━━━━━ Material provided
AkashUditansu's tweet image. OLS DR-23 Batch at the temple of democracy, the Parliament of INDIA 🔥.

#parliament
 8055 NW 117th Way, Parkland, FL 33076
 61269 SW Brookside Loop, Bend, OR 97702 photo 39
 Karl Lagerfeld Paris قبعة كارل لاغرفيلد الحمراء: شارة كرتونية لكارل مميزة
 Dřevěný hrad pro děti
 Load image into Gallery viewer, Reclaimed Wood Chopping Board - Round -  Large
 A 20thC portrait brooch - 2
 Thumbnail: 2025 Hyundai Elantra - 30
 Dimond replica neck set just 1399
━━━━━━━━━━
Among the records, find each line where the word "image" occurs, and copy it.

AkashUditansu's tweet image. OLS DR-23 Batch at the temple of democracy, the Parliament of INDIA 🔥.
 Load image into Gallery viewer, Reclaimed Wood Chopping Board - Round -  Large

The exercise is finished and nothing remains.